* April CPI at +4.5% yr/yr, unchanged from March
* Core CPI eases to 3.3% from 3.5% in March
* Cbank to review policy settings on May 13 (Adds detail, comments from central bank and economist)
MANILA, May 5 (Reuters) – Philippine inflation steadied to an annual rate of 4.5% in April, as slower price increases for key food items such as rice and vegetables offset higher energy costs, data from the statistics agency showed on Wednesday.
April inflation was unchanged from March and below the median forecast of 4.7% in a Reuters poll and within the central bank’s 4.2%-5.0% projected range for the month.
Core inflation, which excludes volatile food and fuel prices, eased to 3.3% in April, after a 3.5% reading in March .
Headline inflation averaged 4.5% in the first four months of the year, above the central bank’s 2%-4% target band for the year.
The Philippine central bank said the data was in line with its projection that inflation would remain elevated this year, particularly due to pressures from high pork prices after African swine fever outbreaks reduced supply.
“The balance of risks to the inflation outlook remains balanced around the baseline path in 2021, while leaning toward the downside in 2022,” Bangko Sentral ng Pilipinas (BSP) Governor Benjamin Diokno told reporters.
The BSP, which reviews monetary settings every six weeks, holds its next policy meeting on May 13, two days after the release of first-quarter gross domestic product data.
Diokno said the BSP’s decision will take into account the latest inflation data, along with information from the first-quarter GDP report.

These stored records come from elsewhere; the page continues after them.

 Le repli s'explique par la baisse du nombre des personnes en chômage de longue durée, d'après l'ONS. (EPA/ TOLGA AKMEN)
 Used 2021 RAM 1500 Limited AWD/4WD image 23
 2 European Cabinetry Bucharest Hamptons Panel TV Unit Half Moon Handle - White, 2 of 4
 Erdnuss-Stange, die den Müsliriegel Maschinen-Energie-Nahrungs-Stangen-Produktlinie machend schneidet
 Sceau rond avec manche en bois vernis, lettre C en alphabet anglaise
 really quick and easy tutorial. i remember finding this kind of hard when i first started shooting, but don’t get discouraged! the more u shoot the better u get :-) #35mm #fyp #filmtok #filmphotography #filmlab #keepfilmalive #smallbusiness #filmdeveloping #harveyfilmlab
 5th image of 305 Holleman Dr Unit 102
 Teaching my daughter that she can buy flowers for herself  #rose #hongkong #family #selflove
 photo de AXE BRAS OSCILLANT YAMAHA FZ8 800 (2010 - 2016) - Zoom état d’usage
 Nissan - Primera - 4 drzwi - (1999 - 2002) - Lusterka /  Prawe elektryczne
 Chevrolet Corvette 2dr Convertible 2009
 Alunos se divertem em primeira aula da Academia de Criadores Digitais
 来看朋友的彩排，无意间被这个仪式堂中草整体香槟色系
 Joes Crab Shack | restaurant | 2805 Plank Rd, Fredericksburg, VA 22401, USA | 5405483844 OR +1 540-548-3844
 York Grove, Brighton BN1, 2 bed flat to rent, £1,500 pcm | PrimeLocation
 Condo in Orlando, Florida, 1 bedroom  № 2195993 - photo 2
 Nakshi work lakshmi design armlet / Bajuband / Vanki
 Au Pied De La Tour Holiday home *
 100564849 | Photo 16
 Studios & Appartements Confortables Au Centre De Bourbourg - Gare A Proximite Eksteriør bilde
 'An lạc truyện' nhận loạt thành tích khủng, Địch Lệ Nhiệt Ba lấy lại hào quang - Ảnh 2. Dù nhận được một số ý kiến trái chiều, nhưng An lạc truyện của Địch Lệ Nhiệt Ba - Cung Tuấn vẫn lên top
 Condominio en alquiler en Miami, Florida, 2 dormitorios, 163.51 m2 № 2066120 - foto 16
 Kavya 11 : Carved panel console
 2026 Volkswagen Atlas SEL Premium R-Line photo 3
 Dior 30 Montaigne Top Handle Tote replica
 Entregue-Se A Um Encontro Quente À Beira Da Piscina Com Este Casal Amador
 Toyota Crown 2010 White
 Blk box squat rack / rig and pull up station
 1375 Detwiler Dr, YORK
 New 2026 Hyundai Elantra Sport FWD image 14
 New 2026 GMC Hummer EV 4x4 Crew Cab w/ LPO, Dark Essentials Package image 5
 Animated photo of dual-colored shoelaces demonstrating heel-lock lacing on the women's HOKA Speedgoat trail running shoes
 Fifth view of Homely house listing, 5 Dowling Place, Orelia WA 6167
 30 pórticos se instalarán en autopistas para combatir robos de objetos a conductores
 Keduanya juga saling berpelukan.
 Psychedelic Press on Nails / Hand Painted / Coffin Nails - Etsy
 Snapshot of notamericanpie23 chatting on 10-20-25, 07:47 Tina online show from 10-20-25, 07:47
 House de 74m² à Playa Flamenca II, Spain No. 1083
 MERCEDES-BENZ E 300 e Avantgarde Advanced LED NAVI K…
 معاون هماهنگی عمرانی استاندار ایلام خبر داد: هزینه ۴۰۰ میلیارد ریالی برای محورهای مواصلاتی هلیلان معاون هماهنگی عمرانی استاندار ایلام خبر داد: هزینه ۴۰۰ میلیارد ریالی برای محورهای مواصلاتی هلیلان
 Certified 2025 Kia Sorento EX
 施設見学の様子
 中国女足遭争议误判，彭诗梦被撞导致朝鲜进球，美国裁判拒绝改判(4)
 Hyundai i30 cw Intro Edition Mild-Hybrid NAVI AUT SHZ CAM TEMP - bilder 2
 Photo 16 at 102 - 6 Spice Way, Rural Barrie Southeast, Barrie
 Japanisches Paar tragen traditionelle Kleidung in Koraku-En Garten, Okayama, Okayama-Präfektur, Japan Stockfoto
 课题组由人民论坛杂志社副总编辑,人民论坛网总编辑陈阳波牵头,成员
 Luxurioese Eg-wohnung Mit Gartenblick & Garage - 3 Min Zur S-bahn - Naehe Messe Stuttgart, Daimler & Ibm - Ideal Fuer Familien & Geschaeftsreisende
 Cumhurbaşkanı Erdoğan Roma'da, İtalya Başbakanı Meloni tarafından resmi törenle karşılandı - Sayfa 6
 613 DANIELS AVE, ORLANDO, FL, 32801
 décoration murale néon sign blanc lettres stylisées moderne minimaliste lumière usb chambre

“We expect BSP to remain on hold for the whole of 2021 to provide support to the economy and we believe inflation will begin to decelerate further in May as supply side issues are addressed by supply side remedies,” said Nicholas Antonio Mapa, a senior economist at ING.
The government has reduced pork import tariffs and allowed traders to bring in higher volumes of meat from abroad in a bid to address the domestic shortage.